=== Task objective ===
Don't include any picture when you restate the data word for word.

*** Material for this task ***

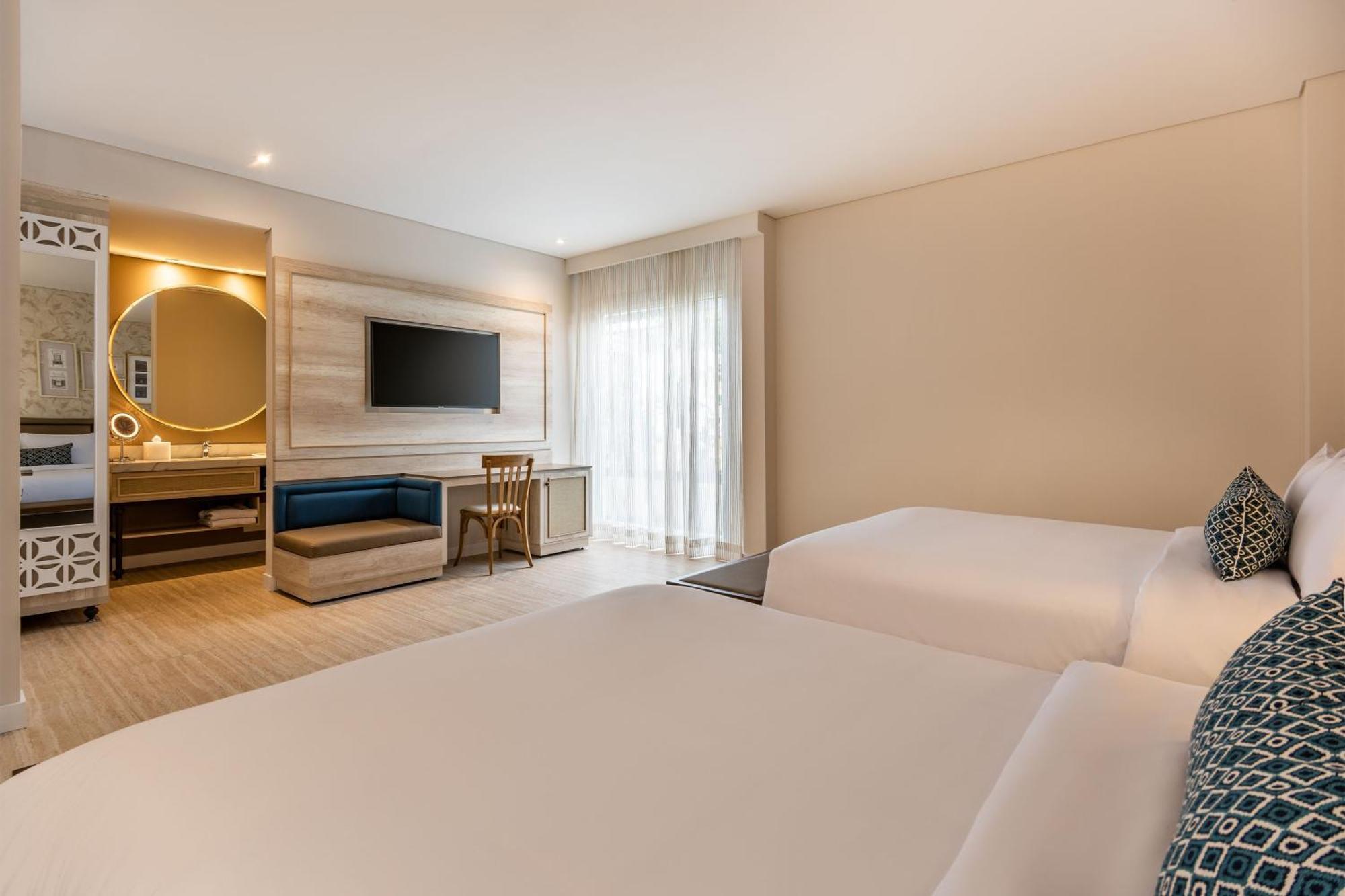 Deluxe Twin Room, Guest room, 2 Twin/Single Bed(s)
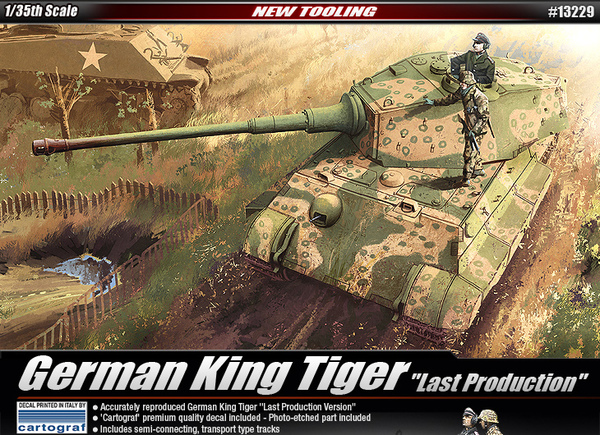 German King Tiger "Last Production" 1/35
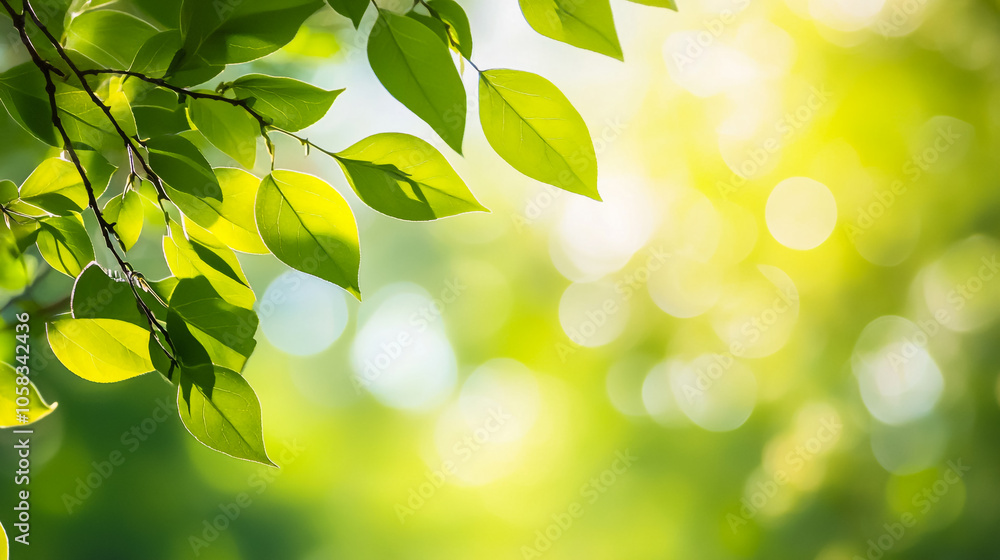 green leaves background green leaves background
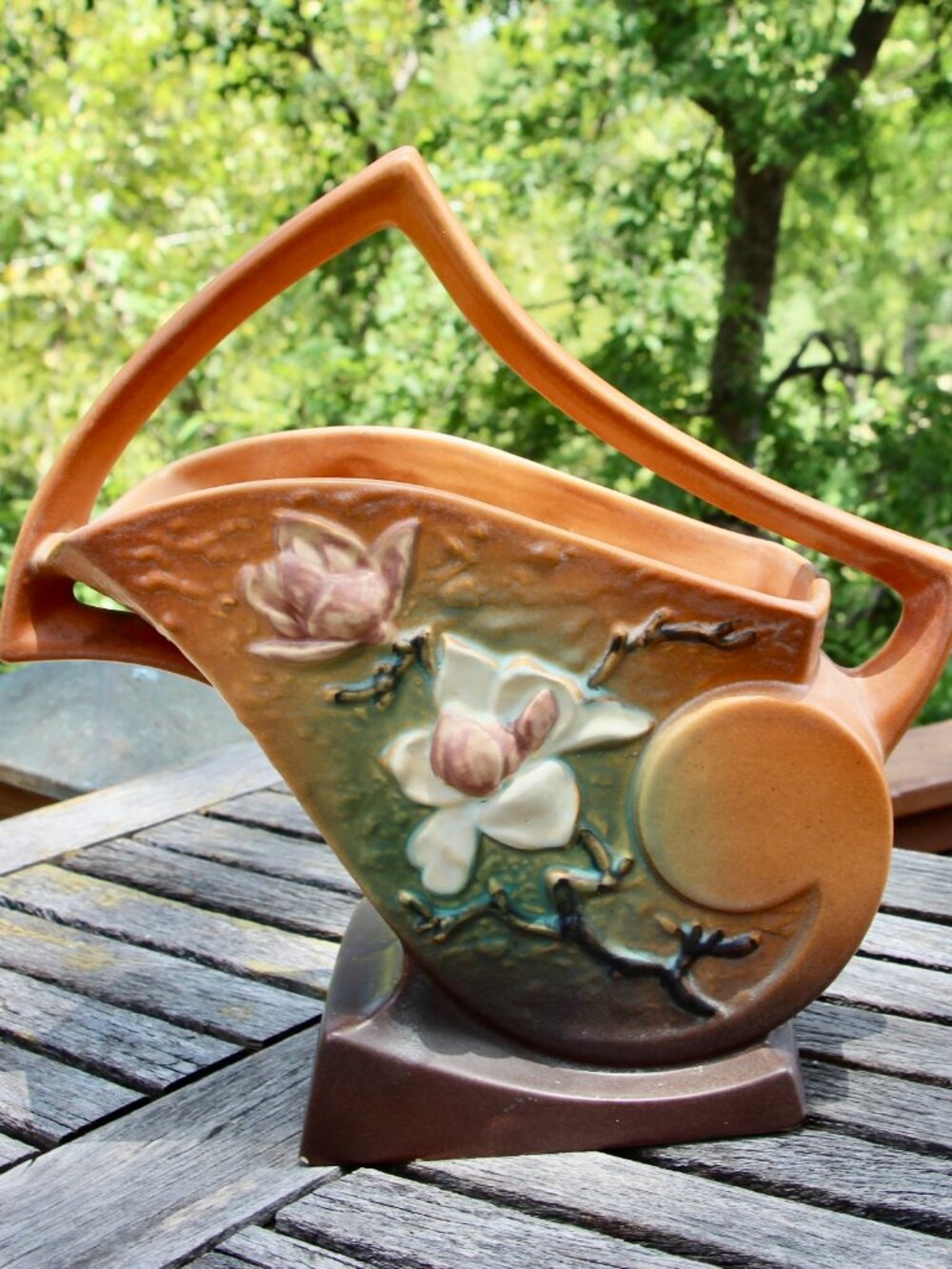Large Roseville piece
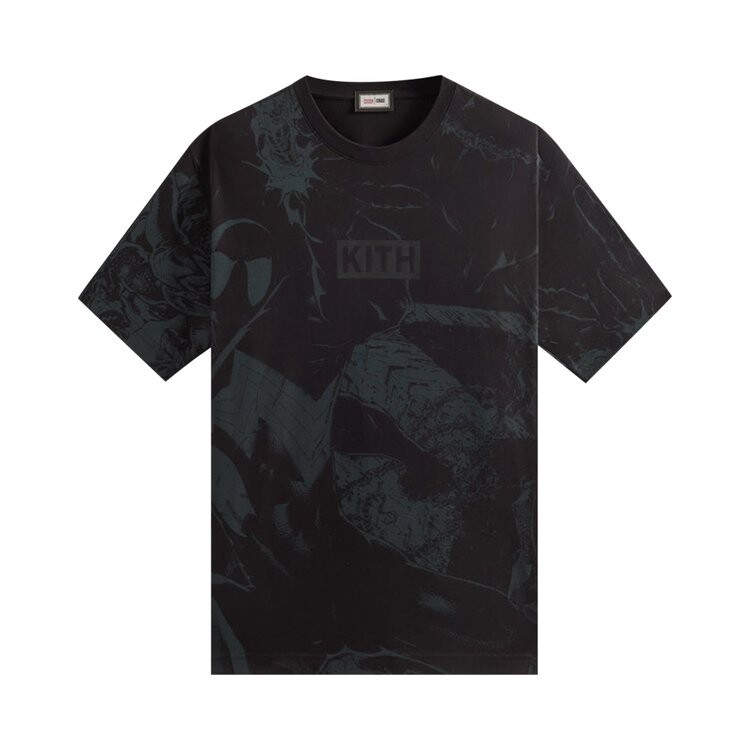 

Футболка Kith x Marvel Sinister Six Vintage Tee, черный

*** End of Material for this task ***

=== Answer ===
 Deluxe Twin Room, Guest room, 2 Twin/Single Bed(s)
 German King Tiger "Last Production" 1/35
 green leaves background green leaves background
Large Roseville piece

Футболка Kith x Marvel Sinister Six Vintage Tee, черный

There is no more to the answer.